• **Task item**: Extract each line from the entries below that has the string "Picture" in it.

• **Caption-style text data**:
········

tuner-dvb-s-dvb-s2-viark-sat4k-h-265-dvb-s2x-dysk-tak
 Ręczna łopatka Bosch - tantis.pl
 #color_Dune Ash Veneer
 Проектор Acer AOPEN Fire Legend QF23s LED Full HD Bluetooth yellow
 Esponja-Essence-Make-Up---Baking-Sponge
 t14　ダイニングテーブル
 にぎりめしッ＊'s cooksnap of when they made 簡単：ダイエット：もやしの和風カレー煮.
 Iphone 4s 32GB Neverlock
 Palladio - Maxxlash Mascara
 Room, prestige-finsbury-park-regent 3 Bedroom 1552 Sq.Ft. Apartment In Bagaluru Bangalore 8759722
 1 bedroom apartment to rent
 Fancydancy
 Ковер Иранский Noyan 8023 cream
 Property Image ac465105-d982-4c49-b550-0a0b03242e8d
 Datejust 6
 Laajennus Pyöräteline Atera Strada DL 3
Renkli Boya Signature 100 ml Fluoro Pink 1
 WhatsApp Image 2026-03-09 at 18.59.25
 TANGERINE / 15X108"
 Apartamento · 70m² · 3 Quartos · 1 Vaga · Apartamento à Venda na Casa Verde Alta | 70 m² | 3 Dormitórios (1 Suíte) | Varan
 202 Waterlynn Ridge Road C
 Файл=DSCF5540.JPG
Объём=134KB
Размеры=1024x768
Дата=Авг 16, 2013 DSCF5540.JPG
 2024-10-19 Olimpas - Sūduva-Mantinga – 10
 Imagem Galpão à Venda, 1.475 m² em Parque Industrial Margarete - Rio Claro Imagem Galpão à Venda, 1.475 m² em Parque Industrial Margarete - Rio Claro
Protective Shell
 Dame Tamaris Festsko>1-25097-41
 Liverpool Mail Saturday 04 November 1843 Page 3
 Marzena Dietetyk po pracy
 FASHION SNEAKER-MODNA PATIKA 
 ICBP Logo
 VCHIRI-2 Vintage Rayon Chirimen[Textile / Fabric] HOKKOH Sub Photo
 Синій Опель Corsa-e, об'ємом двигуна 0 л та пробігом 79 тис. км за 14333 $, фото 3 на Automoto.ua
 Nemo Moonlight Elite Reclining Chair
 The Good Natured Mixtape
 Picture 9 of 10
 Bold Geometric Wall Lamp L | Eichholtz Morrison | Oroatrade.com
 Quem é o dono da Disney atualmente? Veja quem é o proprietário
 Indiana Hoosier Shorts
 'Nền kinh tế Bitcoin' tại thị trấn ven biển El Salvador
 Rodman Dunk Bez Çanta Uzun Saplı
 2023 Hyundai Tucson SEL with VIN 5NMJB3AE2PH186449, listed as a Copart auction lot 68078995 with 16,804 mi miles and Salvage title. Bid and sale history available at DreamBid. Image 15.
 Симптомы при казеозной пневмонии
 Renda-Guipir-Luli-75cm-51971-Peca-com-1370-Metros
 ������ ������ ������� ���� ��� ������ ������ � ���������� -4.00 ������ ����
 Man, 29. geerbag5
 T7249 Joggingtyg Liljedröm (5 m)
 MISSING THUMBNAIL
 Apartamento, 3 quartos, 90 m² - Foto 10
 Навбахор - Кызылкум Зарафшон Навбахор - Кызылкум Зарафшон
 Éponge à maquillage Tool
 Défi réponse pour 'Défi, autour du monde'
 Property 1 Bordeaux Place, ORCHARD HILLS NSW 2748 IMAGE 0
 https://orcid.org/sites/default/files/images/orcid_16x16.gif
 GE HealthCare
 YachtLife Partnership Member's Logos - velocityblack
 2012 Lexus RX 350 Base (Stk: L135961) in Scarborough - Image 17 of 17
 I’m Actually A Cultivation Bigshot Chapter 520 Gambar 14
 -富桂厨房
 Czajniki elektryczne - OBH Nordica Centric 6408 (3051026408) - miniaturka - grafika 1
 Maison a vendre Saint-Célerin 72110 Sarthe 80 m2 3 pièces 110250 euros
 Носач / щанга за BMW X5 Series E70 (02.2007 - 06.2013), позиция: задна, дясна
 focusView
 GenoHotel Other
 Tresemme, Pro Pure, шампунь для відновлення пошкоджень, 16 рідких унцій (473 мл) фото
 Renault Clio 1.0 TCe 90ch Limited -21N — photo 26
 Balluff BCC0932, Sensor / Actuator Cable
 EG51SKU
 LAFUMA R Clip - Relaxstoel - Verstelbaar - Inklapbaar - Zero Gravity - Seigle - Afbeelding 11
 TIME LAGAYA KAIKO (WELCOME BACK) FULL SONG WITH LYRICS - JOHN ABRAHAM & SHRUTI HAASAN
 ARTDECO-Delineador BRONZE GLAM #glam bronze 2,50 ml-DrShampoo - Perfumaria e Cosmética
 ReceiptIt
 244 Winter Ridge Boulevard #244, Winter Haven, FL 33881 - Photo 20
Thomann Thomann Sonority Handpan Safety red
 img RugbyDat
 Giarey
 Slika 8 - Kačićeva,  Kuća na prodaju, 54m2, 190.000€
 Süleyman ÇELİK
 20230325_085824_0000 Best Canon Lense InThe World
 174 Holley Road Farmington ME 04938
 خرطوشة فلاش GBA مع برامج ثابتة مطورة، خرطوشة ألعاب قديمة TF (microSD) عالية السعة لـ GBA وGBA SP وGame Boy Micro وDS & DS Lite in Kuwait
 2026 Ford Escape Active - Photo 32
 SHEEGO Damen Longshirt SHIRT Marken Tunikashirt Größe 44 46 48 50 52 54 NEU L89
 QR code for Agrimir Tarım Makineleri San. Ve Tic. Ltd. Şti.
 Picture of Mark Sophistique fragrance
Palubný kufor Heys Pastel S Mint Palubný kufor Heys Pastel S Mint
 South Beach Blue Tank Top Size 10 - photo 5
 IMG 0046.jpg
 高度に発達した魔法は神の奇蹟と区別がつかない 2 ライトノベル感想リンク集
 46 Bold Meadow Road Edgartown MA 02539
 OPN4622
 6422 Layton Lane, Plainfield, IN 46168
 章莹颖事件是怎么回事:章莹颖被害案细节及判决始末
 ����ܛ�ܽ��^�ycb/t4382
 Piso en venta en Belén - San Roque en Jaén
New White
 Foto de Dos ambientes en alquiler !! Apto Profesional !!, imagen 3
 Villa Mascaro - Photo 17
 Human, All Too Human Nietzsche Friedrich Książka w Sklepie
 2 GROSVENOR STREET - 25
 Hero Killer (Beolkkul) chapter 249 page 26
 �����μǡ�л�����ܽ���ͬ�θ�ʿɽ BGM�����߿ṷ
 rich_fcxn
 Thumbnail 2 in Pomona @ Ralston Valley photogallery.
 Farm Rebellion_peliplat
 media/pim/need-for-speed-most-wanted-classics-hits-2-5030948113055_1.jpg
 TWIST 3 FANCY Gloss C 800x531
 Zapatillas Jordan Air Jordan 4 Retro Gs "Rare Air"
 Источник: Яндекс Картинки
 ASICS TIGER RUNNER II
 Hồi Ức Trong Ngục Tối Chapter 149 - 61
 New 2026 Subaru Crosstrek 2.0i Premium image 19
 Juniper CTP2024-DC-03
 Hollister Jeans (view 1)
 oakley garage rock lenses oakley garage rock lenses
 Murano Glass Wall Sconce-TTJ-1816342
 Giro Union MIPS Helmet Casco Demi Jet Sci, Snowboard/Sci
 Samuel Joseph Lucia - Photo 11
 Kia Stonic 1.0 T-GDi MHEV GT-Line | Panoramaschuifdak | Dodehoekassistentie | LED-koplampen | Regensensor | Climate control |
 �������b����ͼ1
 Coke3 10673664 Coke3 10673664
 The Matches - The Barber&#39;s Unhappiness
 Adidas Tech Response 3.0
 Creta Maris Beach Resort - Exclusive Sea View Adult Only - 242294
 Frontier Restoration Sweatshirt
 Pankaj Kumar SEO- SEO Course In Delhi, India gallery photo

········

• **Expected output**:
 Picture 9 of 10
 Picture of Mark Sophistique fragrance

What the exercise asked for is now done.